- **What you will do**
Every line of the material is to be quoted verbatim, minus the pictures.
BEGIN Supplied data
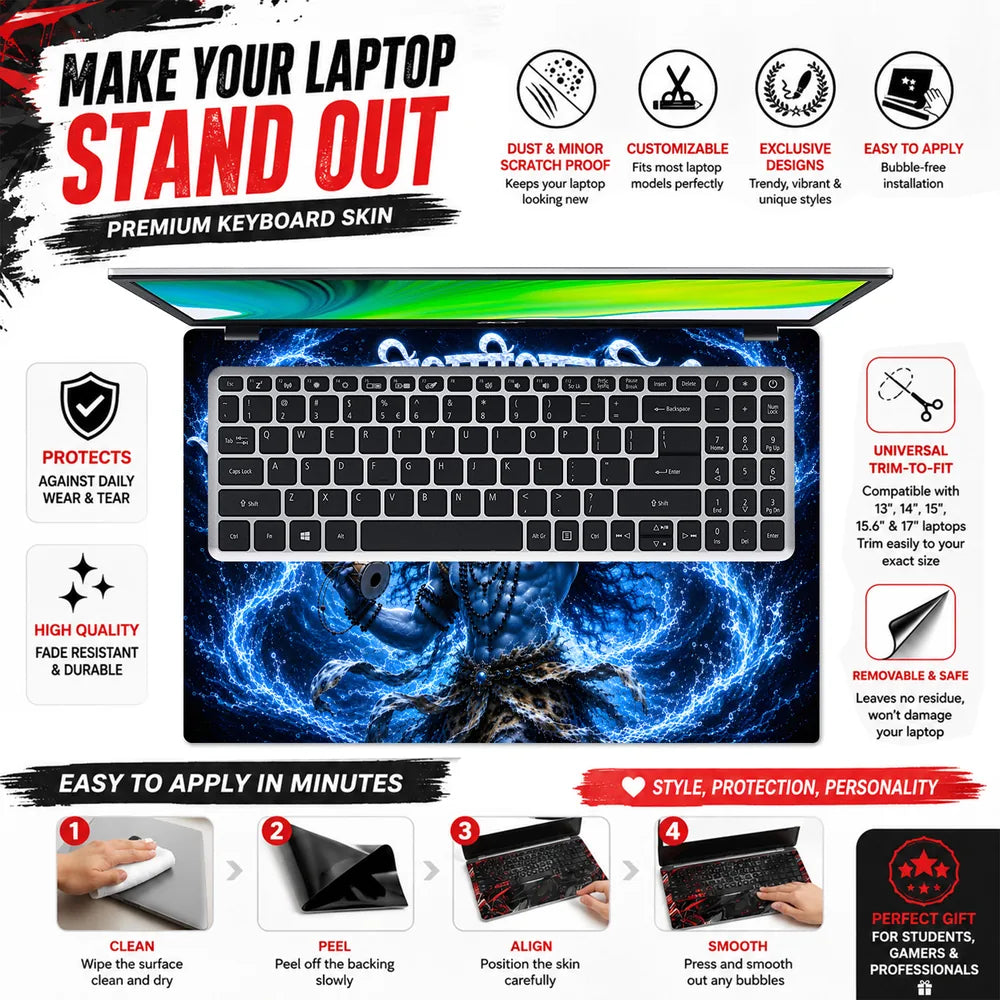 Shiva Om Namami Damaru Blue Laptop Skin - View 5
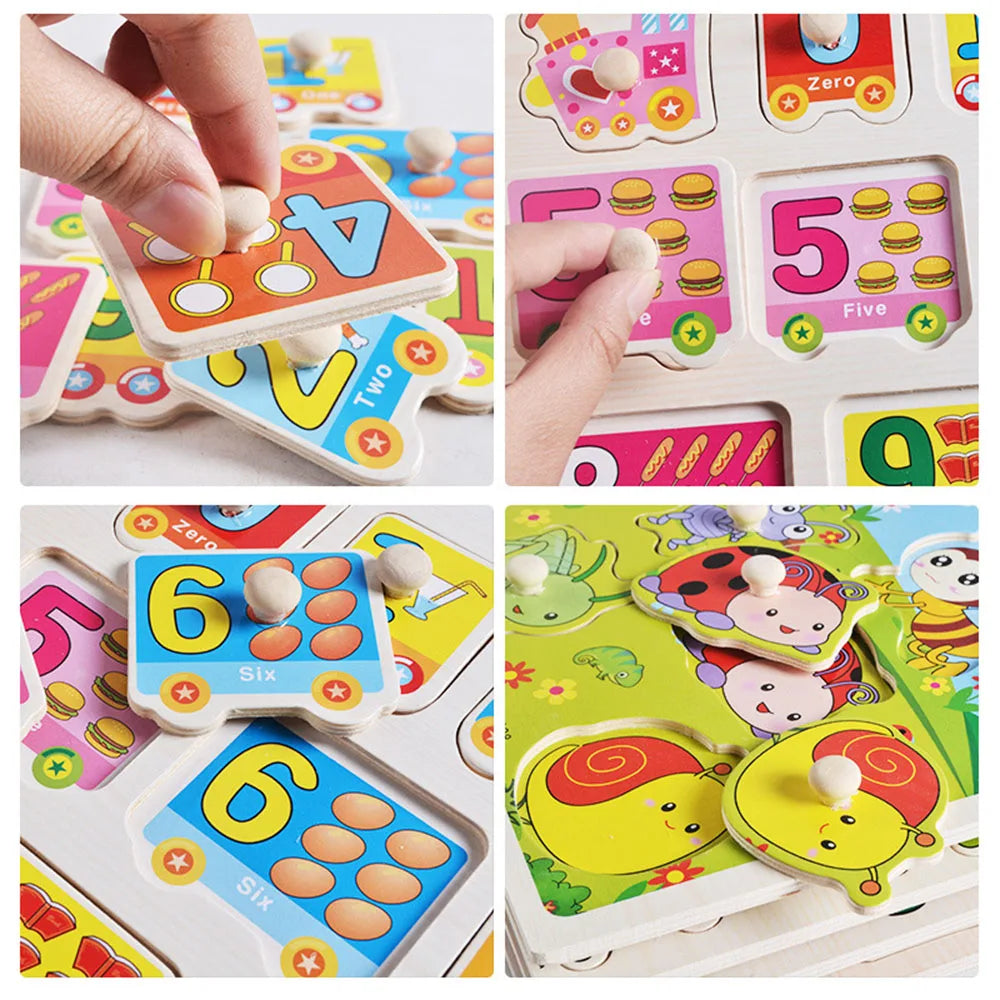 Montessori Wooden Puzzles Hand Grab Boards Toys Tangram Jigsaw  Educational Toys Cartoon Vehicle Animals Fruits 3D Puzzles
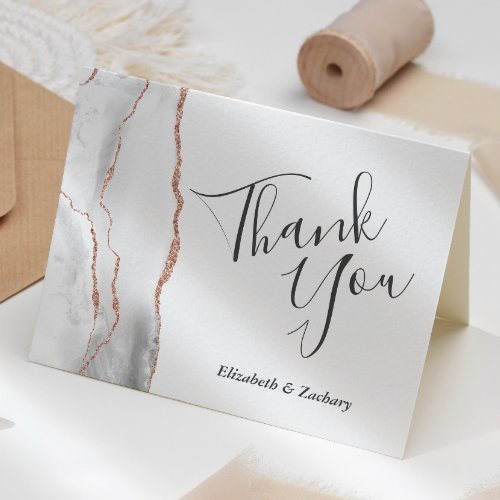 Gray White Rose Gold Agate Wedding Thank You Card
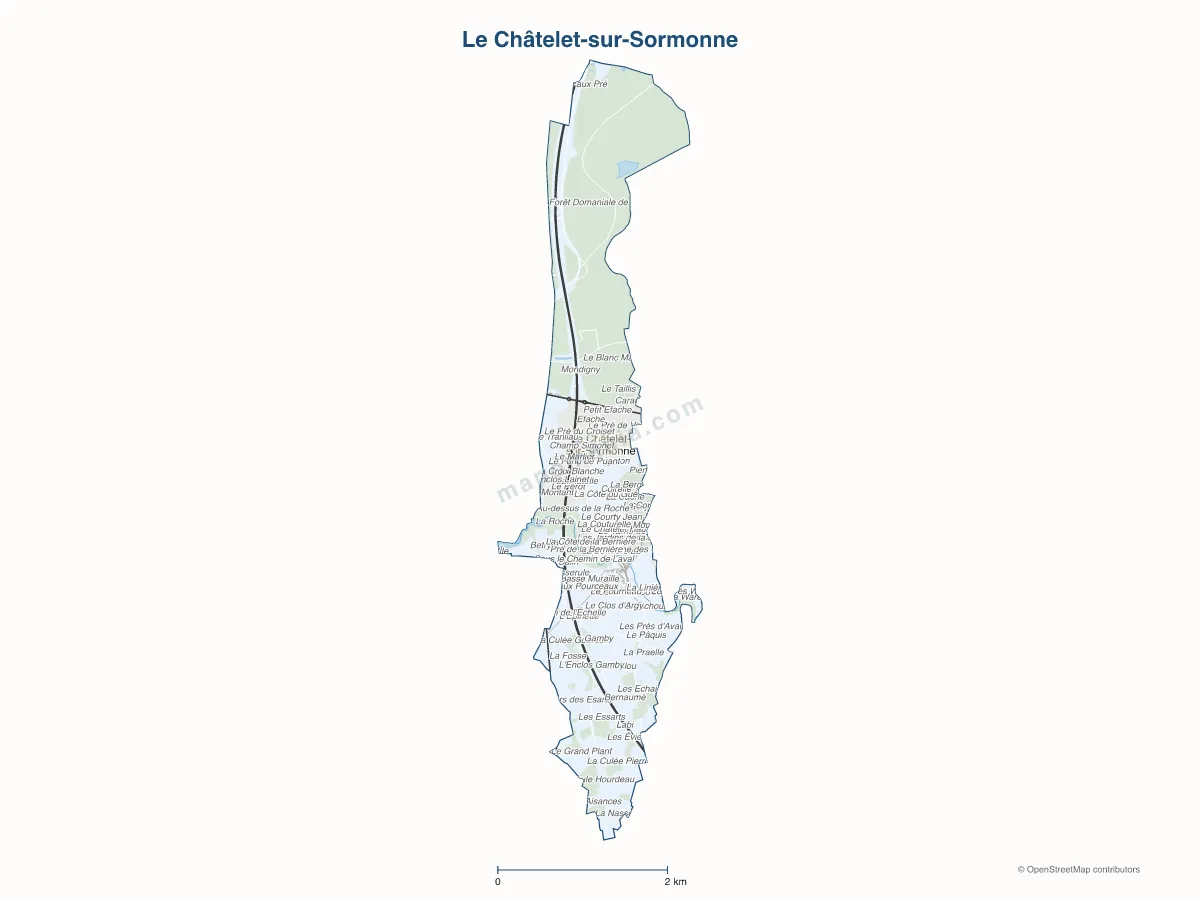 Carte de Le Châtelet-sur-Sormonne à personnaliser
END Supplied data
- **Written solution**
 Shiva Om Namami Damaru Blue Laptop Skin - View 5
 Montessori Wooden Puzzles Hand Grab Boards Toys Tangram Jigsaw  Educational Toys Cartoon Vehicle Animals Fruits 3D Puzzles
 Gray White Rose Gold Agate Wedding Thank You Card
 Carte de Le Châtelet-sur-Sormonne à personnaliser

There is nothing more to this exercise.